PostgreSQL odd checkpoint failure
September 14, 2010
Nothing strikes fear into the heart of a DBA like error messages, particularly ones which indicate that there may be data corruption. One such situation happened recently to us, when we ran into a recent unusual situation in an upgrade to PostgreSQL 8.1.21. We had updated the software and manually been running a REINDEX DATABASE command, when we started to notice some errors being reported on the front-end. We decided to dump the database in question to ensure we had a backup to return to, however we still ended up with more messages:
pg_dump -Fc database1 > pgdump.database1.archive pg_dump: WARNING: could not write block 1 of 1663/207394263/443523507 DETAIL: Multiple failures --- write error may be permanent. pg_dump: ERROR: could not open relation 1663/207394263/443523507: No such file or directory CONTEXT: writing block 1 of relation 1663/207394263/443523507 pg_dump: SQL command to dump the contents of table "table1" failed: PQendcopy() failed. pg_dump: Error message from server: ERROR: could not open relation 1663/207394263/443523507: No such file or directory CONTEXT: writing block 1 of relation 1663/207394263/443523507 pg_dump: The command was: COPY public."table1" (id, field1, field2, field3) TO stdout;
Looking at the pg_database contents revealed that 207394263 was not even the database in question. I connected to the aforementioned database and looked for a relation that matched that pg_class.oid, and barring that pg_class.relfilenode. This search revealed nothing. So where was the object itself living, and why were we getting this message?

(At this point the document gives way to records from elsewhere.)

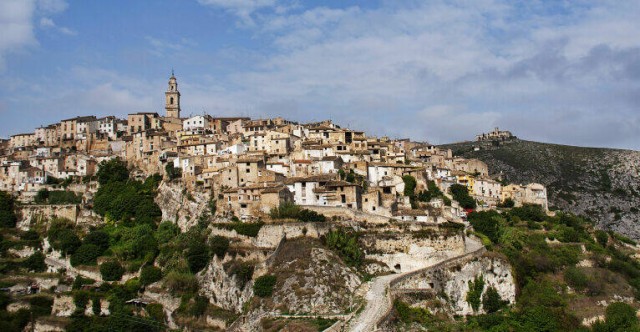 ¿Turismo rural también a tope? Solo en épocas puntuales y zonas muy concretas
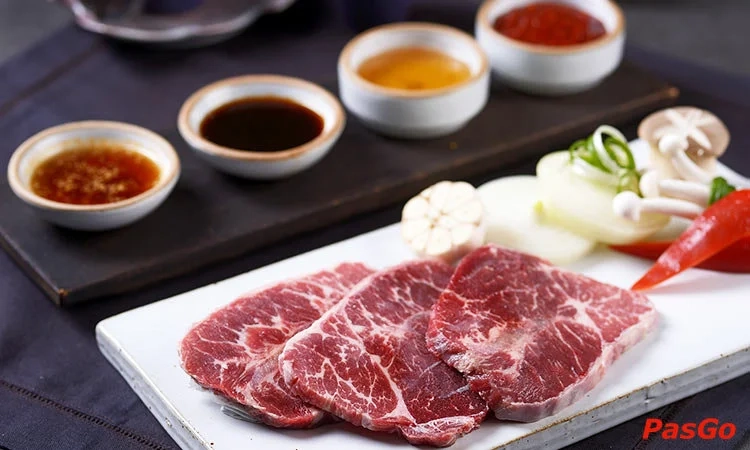 Buffet Royal 699K, cả ngày T2->CN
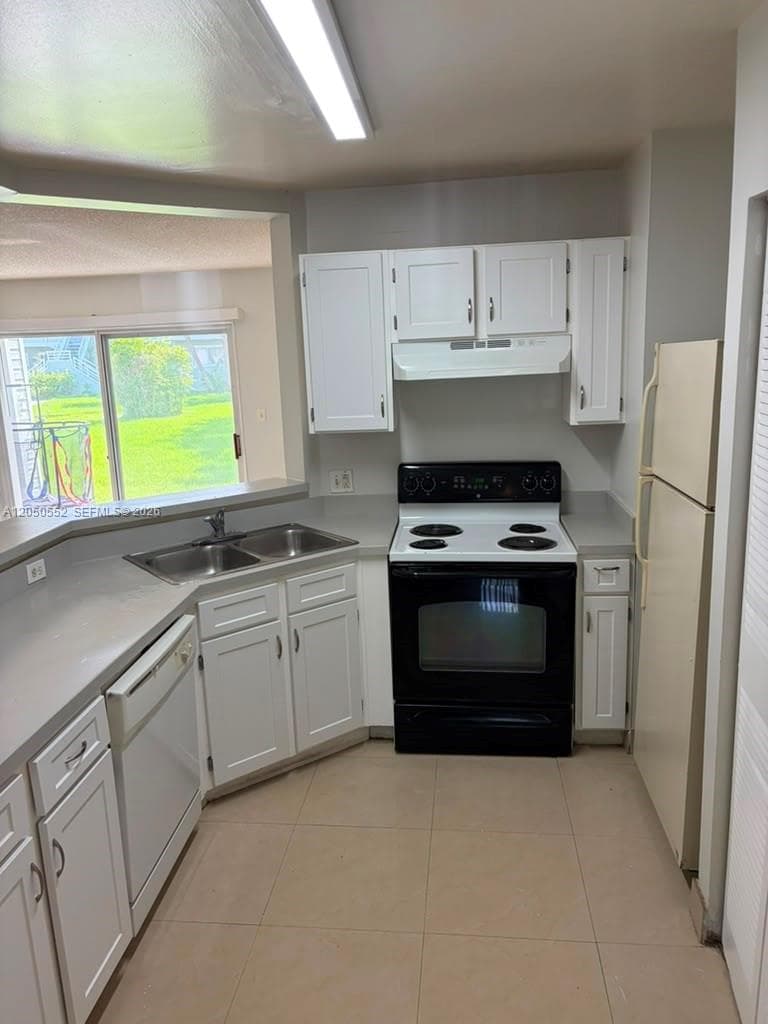 3461 NW 44th St # 102, Oakland Park, FL 33309 photo 2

We decided that since it appeared that something was awry with the database system in general, that we should take this opportunity to dump the tables in question. I proceeded to write a quick script to go through the database tables and dump each one individually using pg_dump’s -t option. This worked for some of the tables, but not all of them, which would die with the same error. Looking at the pg_class.relpages field for the non-dumpable tables revealed that these were all the larger tables in the database. Obviously not good, since this is where the bulk of the data lay. However, we also noticed that the message that we got referenced the exact same filesystem path, so it appeared to be something separate from the table that was being dumped.
After some advice on IRC, we reviewed the logs for checkpoint logging, which revealed that checkpoints had been failing. This further meant that the database was in a state such that it could not be shut down cleanly, had we wanted to try to restart to see if that cleared up the flakiness. This further meant that we’d only be able to shutdown via a hard kill, which is definitely something to avoid, WAL or not, particularly since there had not been a checkpoint for some time. A manual CHECKPOINT further failed after a timeout.

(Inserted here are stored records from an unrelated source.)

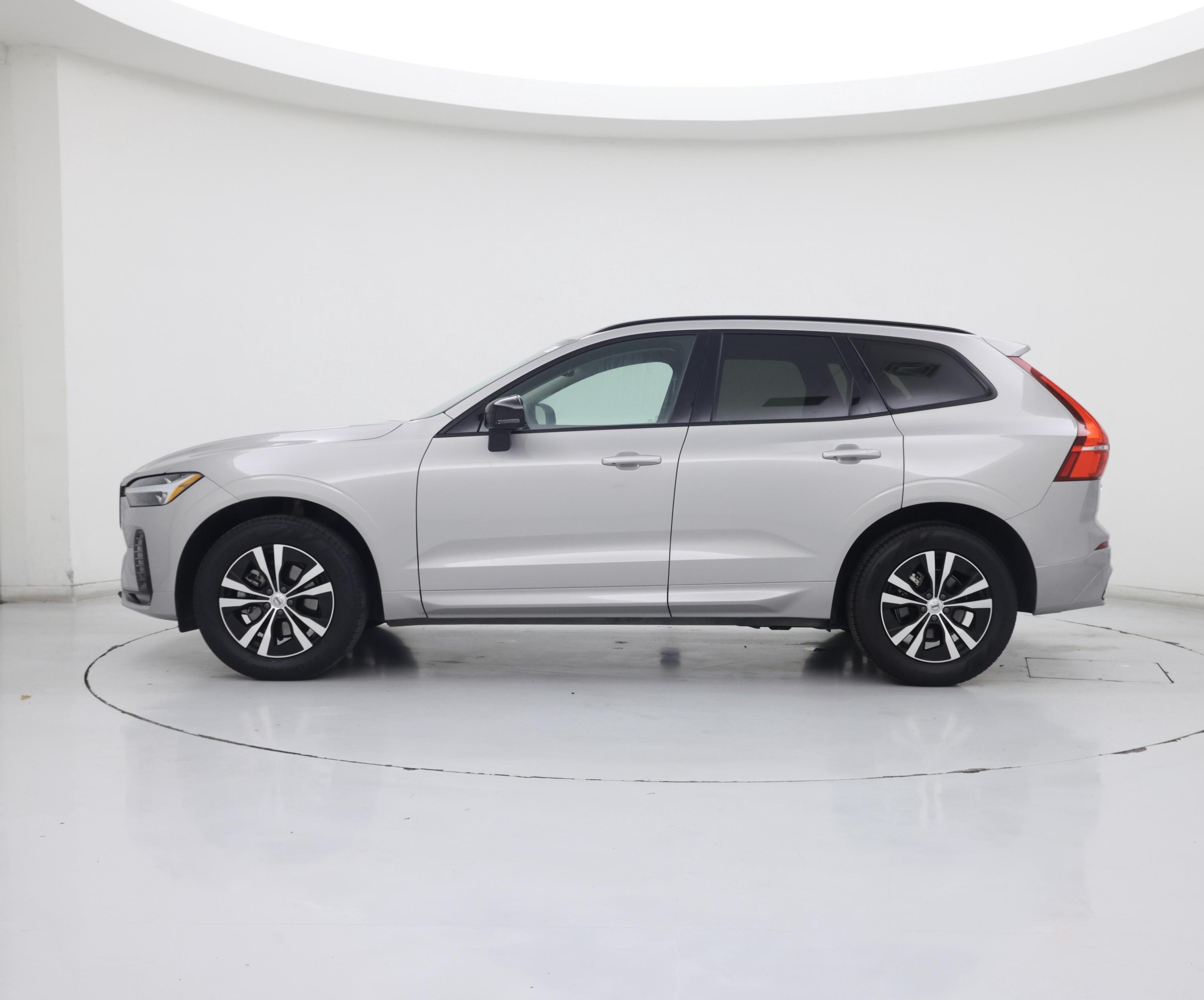 Thumbnail: 2024 Volvo XC60 - 3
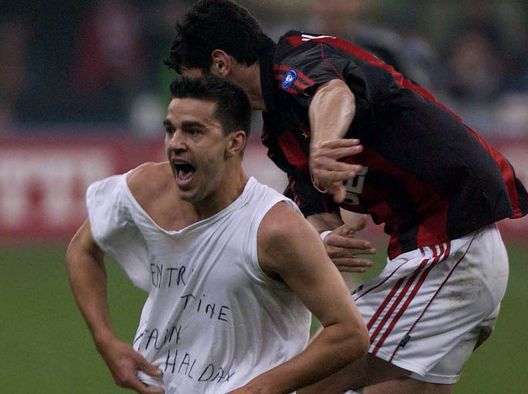  Cosmin Contra, terzino rumeno del Milan, esulta per il gol all'Inter (credits: GETTY Images) 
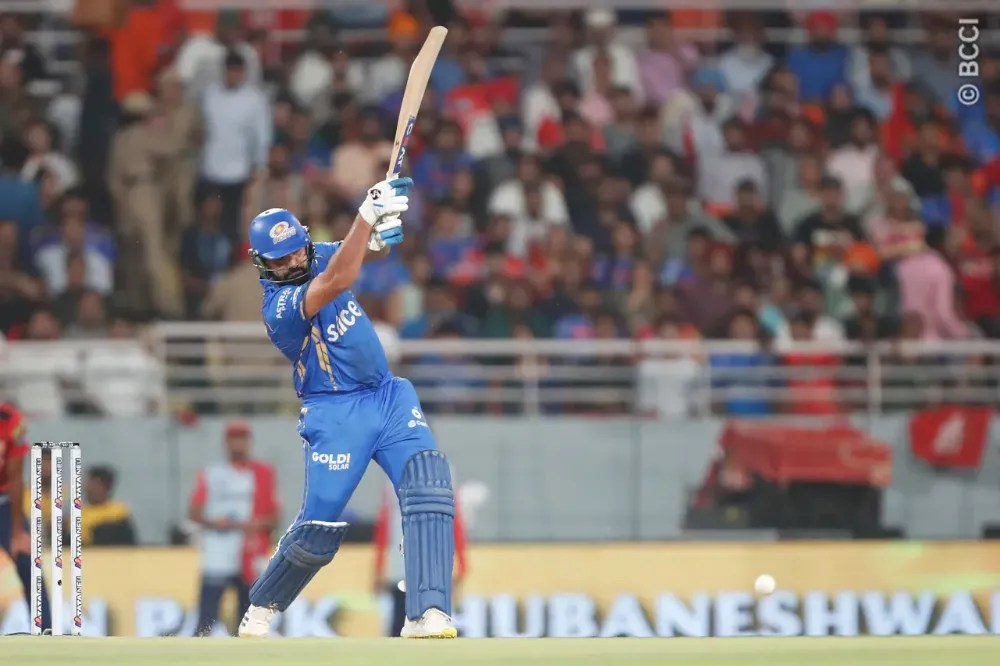 ‌IPL 2024 | Twitter and Hardik celebrate Rohit Sharma’s uncanny one-handed six in 250th IPL&nbsp;game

Before we went down the road of forcing a hard server shutdown, we ended up just touching the specific relation path in question into existence and then running a CHECKPOINT. This time since the file existed, it was able to complete the checkpoint, and restore working order to the database. We successfully (and quickly) ran a full pg_dump, and went about the task of manually vetting a few of the affected tables, etc.

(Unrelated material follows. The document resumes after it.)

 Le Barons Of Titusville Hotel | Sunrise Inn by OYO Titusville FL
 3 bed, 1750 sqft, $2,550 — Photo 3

Our working theory for this is that somehow there was a dirty buffer that referenced a relation that no longer existed, and hence when the there was a checkpoint or other event which attempted to flush shared_buffers (i.e., the loading of a large relation which would require a flush of Least Recently Used pages as in the pg_dump case), the flush attempt for the missing relation failed, which aborted the checkpoint/other action.
After the file existed and PostgreSQL had successfully synched to disk, it was a single two-block file, of which the first block was completely empty and the second block looked like an index page (due to the layout/contents of the data). The most suggestive cause was that had been an interrupted REINDEX earlier in the day. Since this machine was showing no other signs of data corruption and everything else seemed reasonable, our best guess is that there was some race condition that had caused the relation’s data to exist in memory even while the canceled REINDEX ensured that the actual relfile and the pg_class rows did not exist for the buffer.